What's Happening?
A recent study presented at the American Society for Metabolic and Bariatric Surgery (ASMBS) 2025 Annual Scientific Meeting reveals that metabolic and bariatric surgery results in significantly greater weight loss compared to GLP-1 receptor agonists like
semaglutide and tirzepatide. Conducted by researchers at NYU Langone Health and NYC Health + Hospitals, the study analyzed real-world data from patients with a body mass index (BMI) of at least 35. The findings indicate that after two years, patients who underwent bariatric procedures such as sleeve gastrectomy or Roux en-Y gastric bypass lost an average of 58 pounds, compared to just 12 pounds for those on GLP-1 medications. The study highlights a substantial gap in weight loss outcomes between surgical and non-surgical methods, with surgery proving to be about five times more effective.
Why It's Important?
The study's findings have significant implications for the treatment of obesity, a condition affecting over 40% of Americans. While GLP-1 medications have gained popularity for their weight loss benefits, the research suggests that bariatric surgery offers a more effective and durable solution.
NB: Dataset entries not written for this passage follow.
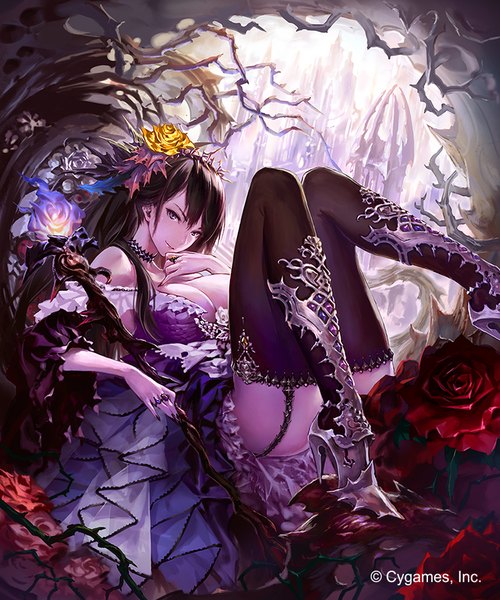 Anime picture 750x900 with shingeki no bahamut granblue fantasy rose queen hisakata souji single long hair tall image looking at viewer fringe breasts blue eyes light erotic black hair smile large breasts bare shoulders cleavage bent knee (knees) lying hair flower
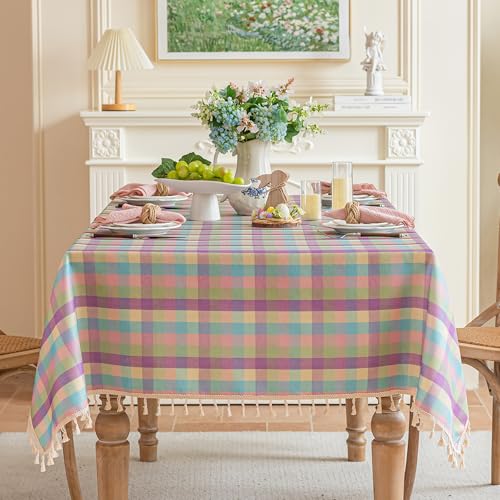Easter Purple Buffalo Plaid Tablecloth with Tassels - 55x90 Inches, Cotton Linen Blend, Washable, Wrinkle-Free, Spring & Summer Dining Decor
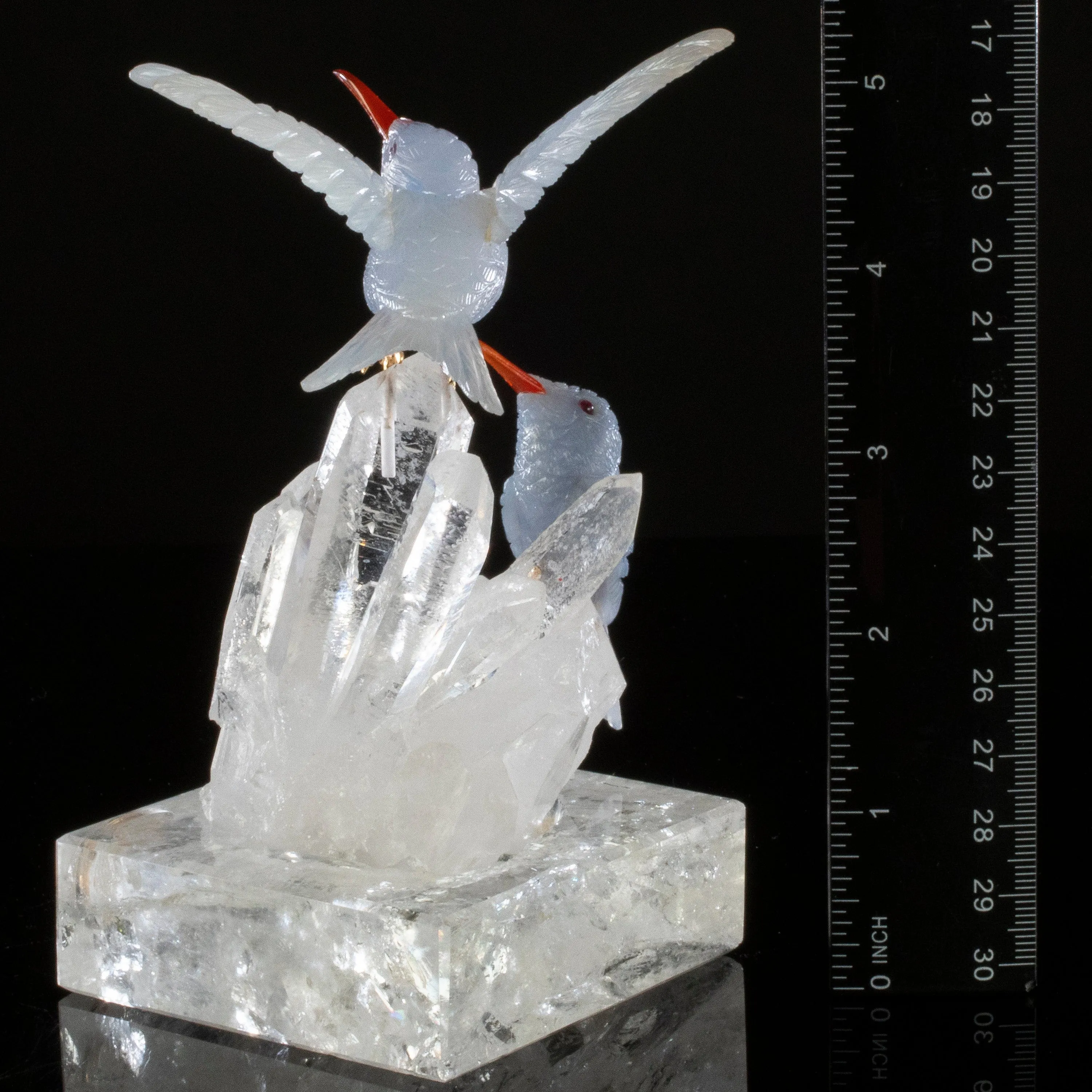 Peter Muller Chalcedony Hummingbird Couple Love Bird Carving on Clear Quartz Point Cluster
This could influence healthcare providers and patients in making informed decisions about weight loss strategies, especially for those struggling with obesity-related health issues. The study also underscores the need for patients to manage expectations regarding non-surgical treatments and consider surgery as a viable option, particularly when medication results are insufficient. Additionally, the research may prompt further investigation into optimizing GLP-1 therapy and understanding the role of factors like treatment adherence and cost.
What's Next?
Future research is expected to focus on identifying ways to enhance the effectiveness of GLP-1 medications and determining which patients would benefit more from surgical interventions. The study's authors plan to explore how healthcare providers can optimize treatment outcomes and the impact of out-of-pocket costs on patient success. As the prevalence of obesity continues to rise, these findings could lead to changes in clinical guidelines and insurance coverage policies, potentially increasing access to bariatric surgery for eligible patients. The ongoing dialogue between medical professionals and policymakers will be crucial in addressing the obesity epidemic and improving public health outcomes.